Web page caption snippets>
>>>>>
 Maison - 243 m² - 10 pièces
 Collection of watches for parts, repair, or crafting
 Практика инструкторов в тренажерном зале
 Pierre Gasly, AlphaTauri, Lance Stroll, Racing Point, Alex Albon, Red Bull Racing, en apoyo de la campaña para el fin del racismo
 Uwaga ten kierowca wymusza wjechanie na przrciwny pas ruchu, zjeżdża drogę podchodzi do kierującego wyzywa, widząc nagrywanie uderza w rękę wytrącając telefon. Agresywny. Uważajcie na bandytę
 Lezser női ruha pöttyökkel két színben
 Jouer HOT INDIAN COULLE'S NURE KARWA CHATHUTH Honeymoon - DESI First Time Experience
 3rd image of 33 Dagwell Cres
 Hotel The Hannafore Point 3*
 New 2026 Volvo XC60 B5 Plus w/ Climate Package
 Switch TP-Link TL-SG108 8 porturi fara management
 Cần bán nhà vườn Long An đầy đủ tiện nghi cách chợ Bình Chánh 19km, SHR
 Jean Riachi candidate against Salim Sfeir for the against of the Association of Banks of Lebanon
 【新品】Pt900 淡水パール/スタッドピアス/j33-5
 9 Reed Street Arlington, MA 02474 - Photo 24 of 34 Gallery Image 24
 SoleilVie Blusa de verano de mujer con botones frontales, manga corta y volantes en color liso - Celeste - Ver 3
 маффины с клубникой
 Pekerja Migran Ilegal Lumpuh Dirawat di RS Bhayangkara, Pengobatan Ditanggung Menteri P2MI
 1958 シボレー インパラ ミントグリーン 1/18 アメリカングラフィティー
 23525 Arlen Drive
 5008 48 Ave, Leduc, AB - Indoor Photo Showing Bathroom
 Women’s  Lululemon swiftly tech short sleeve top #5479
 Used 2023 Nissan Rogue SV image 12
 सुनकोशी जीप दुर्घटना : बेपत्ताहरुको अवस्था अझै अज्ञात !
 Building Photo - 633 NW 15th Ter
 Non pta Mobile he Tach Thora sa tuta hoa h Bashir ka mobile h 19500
<<<<<
What you should do> Transcribe the lines above between the line holding "Lezser női ruha pöttyökkel két színben" and the line holding "Cần bán nhà", inclusive, exactly as they stand and with nothing added.

Problem solution>
 Lezser női ruha pöttyökkel két színben
 Jouer HOT INDIAN COULLE'S NURE KARWA CHATHUTH Honeymoon - DESI First Time Experience
 3rd image of 33 Dagwell Cres
 Hotel The Hannafore Point 3*
 New 2026 Volvo XC60 B5 Plus w/ Climate Package
 Switch TP-Link TL-SG108 8 porturi fara management
 Cần bán nhà vườn Long An đầy đủ tiện nghi cách chợ Bình Chánh 19km, SHR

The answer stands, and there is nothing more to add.